Sat 22 May - 18:00-18:50 - Whip it Good

Friday 21st May 2021

Sat 22 May - 18:00-18:50 - Whip it Good

Whip it Good 

To take part in this event, please follow this link to our LIVE page.  The event will start automatically at the scheduled time.

Pride in punishment. Is beating our children a legacy of slavery? Black communities have a higher likelihood to use corporal punishment to discipline their children, but why? Is this learnt behaviour from the violence of slavery?  Over protection?  Echoes of trauma? Resonance of pre-colonial Africa? 

A screening of Jeannette Ehlers performance Whip It Good (2013 - ongoing) followed by a discussion led by Fiona Compton (Know Your Caribbean) with Jeannette, alongside Aleema Gray, (Community History Curator at the Museum of London).
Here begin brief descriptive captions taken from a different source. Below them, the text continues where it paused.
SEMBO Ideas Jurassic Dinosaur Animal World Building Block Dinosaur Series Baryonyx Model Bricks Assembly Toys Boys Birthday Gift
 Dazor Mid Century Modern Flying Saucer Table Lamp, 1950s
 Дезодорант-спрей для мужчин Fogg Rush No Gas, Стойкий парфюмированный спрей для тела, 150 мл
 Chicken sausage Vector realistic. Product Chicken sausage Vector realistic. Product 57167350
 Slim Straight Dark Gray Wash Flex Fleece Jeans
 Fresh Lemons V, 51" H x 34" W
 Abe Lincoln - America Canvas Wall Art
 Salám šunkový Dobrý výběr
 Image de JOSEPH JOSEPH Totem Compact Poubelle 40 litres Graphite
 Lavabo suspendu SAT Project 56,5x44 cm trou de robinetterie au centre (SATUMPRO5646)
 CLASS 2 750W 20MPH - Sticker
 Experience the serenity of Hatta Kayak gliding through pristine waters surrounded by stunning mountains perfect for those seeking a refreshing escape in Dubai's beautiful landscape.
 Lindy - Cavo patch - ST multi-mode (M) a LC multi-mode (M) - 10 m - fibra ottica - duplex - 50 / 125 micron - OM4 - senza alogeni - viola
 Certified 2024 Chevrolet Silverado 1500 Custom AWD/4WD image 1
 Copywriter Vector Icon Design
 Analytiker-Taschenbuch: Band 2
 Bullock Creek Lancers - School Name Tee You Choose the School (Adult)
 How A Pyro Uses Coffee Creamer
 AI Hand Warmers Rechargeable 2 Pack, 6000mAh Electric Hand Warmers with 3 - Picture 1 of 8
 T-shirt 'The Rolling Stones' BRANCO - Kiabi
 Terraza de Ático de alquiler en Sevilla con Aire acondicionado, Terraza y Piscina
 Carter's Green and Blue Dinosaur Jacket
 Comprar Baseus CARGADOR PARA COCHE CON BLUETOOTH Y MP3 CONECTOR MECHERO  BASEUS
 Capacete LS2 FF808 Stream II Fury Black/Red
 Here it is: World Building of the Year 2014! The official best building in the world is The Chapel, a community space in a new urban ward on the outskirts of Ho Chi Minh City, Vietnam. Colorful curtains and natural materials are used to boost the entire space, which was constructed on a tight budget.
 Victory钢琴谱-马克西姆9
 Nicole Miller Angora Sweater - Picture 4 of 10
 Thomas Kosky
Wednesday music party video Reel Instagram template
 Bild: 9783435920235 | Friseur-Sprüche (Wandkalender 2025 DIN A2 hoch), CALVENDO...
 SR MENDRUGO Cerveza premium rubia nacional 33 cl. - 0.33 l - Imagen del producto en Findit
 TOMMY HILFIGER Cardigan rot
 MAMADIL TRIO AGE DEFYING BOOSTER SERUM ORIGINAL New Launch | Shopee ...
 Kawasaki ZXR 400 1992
Whip It Good (2013 - ongoing)
We will be sharing a filmed excerpt of the live performance of Whip it Good, during which the audience was invited to participate in the lashing of a white canvas to give everyone the opportunity to form an actual bodily experience of the act of whipping and, in turn, reenact the atrocities of history and coloniality.  Whip It Good was first performed in May 2013, in connection with the groundbreaking seminar  BE.BO P (Black Europe  Body Politics), initiated by fierce Dominican curator and decolonial thinker Alanna Lockward / Art Labour Archives, at the theatre Ballhaus Naunynstrasse in Berlin.



Fiona Compton
Fiona Compton is a London based Saint Lucian photographer, artist, filmmaker and historian. After working for the UK's largest publishing houses, photographing some of the most influential figures in the world of Finance and Banking, Fiona found it necessary to focus her work on the history and culture of her people. Her films have been screened across the globe, and have also been featured in the UK Cabinet office. Fiona continues her mission to educate in innovative ways through events and online through her account ‘Know Your Caribbean’ via Instagram, creative workshops for children and young people in venues such as the Southbank Centre and Black Cultural Archives in London. Her clients have included HSBC, Amazon, Sony Music, Cosmopolitan magazine to name a few. Fiona remains a strong advocate for her history and culture and is an Official Ambassador for London's Notting Hill Carnival, the second largest street festival in the world.

Jeannette Ehlers
Jeannette Ehlers is a Copenhagen-based artist of Danish and Trinidadian descent whose practice takes shape experimentally across photography, video, installation, sculpture and performance. She graduated from The Royal Danish Academy of Fine Arts in 2006. Ehlers’ work often makes use of self-representation and image manipulation to bring about decolonial hauntings and disruptions. These manifestations attend to the material and affective afterlives of Denmark’s colonial impact in the Caribbean and participation in the Transatlantic Slave Trade - realities that have all too often been rendered forgettable by dominant history-writing. In the words of author Lesley-Ann Brown, “Ehlers reminds all who participate in or gaze at her work that history is not in the past.” 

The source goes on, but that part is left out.